The music on Always Golden Sands has a filigree of detail that makes the concentration required to appreciate it, worthwhile. Ambient music is not aural wallpaper or easy listening. The soundscapes that Pete Chilvers and Jon Durant produce are intriguing, and ambient enthusiasts will find much to like here.
Pete Chilvers And Jon Durant — Vista
Following on from the end of 2020's EP Always Golden Sands, the team of Pete Chilvers (remodelled pianos, synths, generative processes) and Jon Durant (cloud guitar, fretless guitar, mixing) have released Vista, their debut full-length album.
On Vista there is less variation than on the EP. Most tracks begin with a not-particularly-memorable melody, picked out on acoustic piano, that slowly develops, in that ambient way, but unfortunately into not very much. As each piece goes along, clusters of keyboards are added in whispers, over which sustained guitar lines add to the chilly atmospherics.
There is only a modicum of variation between the tracks, with only two standing out. The unsettling Quarantine has an intriguing level of disquiet running under its glistening top-line. Then Age Of Steam has a more compelling melody and a rhythm that is marginally faster than glacial, with a looping bass pulse as its focus.
As with almost all ambient music, the listener must be prepared to concentrate to get the most from this music, but no matter how much I work at this, I find the melodies on Vista do not have sufficient weight to sustain my interest. This is especially the case on the longer tracks. Yes, I'm looking at you Sunset, my interest fades with each swathe of quiet keys and guitar, as they coast along.
Overall Vista is adrift in a sea of ambience, somewhat direction-less with only two pieces to recommend it. If only the players had introduced a bit more of the ECN style jazz that they admire, I might have liked this more. It is introspective to the point of almost impenetrability, and a disappointment after I had enjoyed the previous EP.
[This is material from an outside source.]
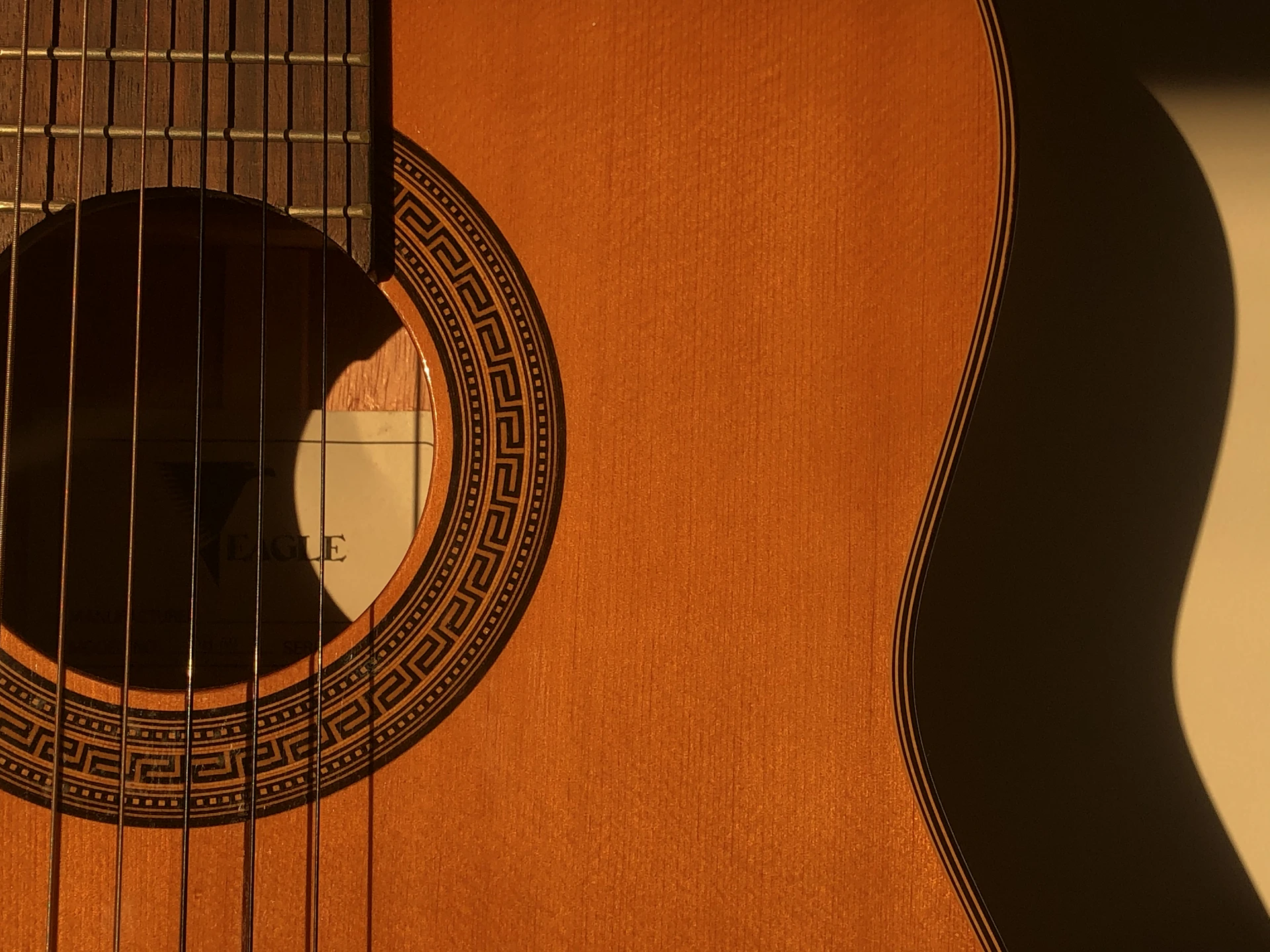 brown acoustic guitar on white textile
Fife Augury — The Shape Of A Tree
I quite like this album. I'm also aware that there are several problems with that statement. The first is that whether I like it or not is largely irrelevant. What matters is how good the album is and whether you will like it. The second is that I seem to be damning with faint praise. However, I mean exactly what I say. Although this is not a great album, and I will have some adverse criticisms of it, I still (as I say) quite like it.
A word about the band itself. Fife Augery is actually a duo from the south of France. Paul Roman sings lead and plays many of the instruments (and is particularly impressive on bass, but more about that in a moment), and William Moustrou plays lead, acoustic, and twelve-string guitars.
The drums, which are pretty good, are played by nobody. The release notes explain that Roman and Moustrou programmed the drum tracks on computer, and darn it if they don't sound (mostly) like real drums. The production is also pretty good. At times, when Moustrou is riffing away and the music is at its heaviest, the sound can be a bit murky. However, since this was largely a DIY project, that murkiness can be forgiven.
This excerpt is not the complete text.